### MATERIAL PROVIDED ###

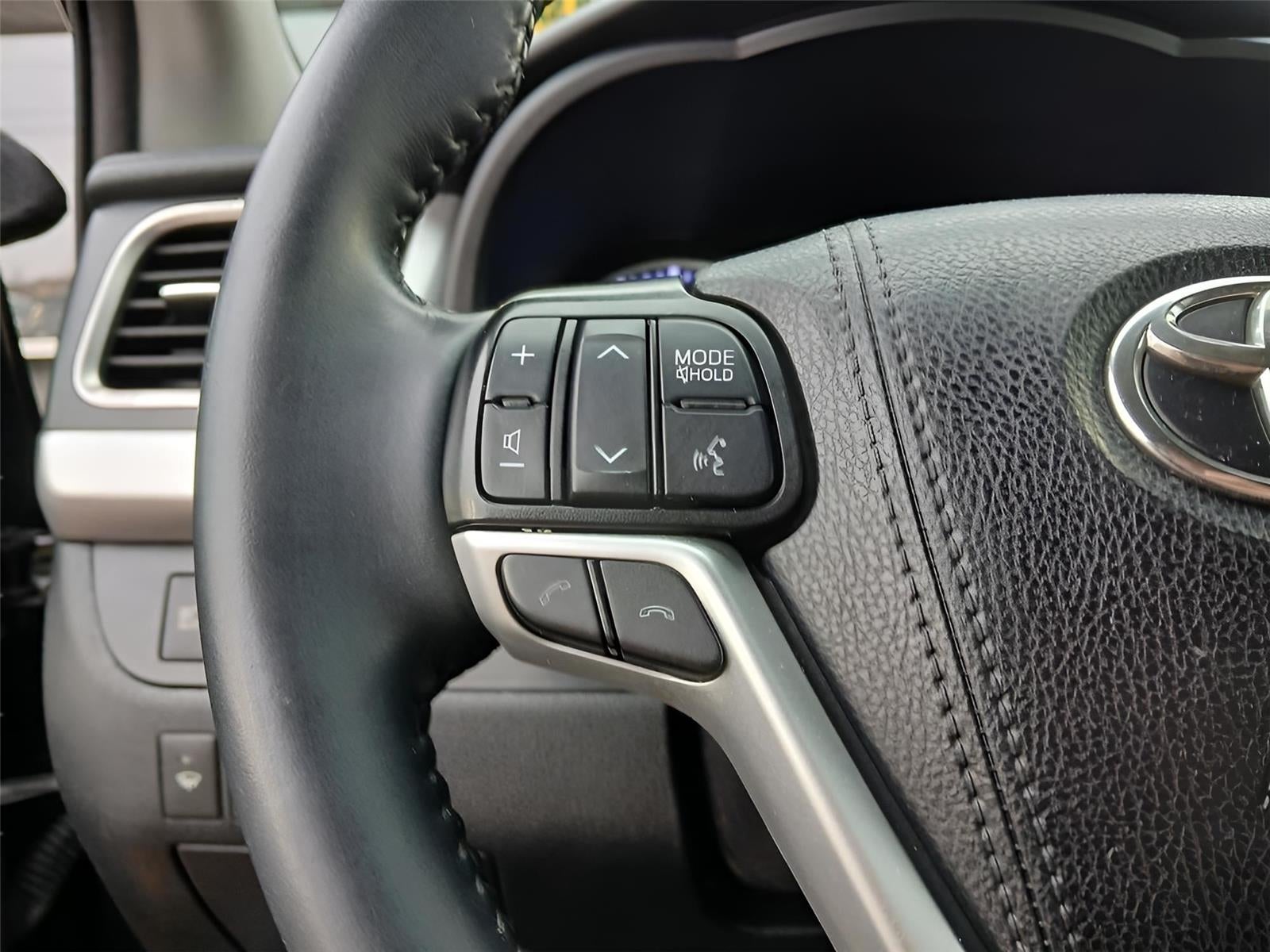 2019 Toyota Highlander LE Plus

###
### MATERIAL PROVIDED ###

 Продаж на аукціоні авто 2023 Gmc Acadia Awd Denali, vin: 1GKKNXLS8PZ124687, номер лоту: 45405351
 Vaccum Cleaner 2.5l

###

● THE TASK
The lines to extract from the data above begin with the line containing "Продаж на аукціоні" and end with the line containing "Vaccum Cleaner 2.5l". Extract them exactly, including both.

● TASK OUTPUT
 Продаж на аукціоні авто 2023 Gmc Acadia Awd Denali, vin: 1GKKNXLS8PZ124687, номер лоту: 45405351
 Vaccum Cleaner 2.5l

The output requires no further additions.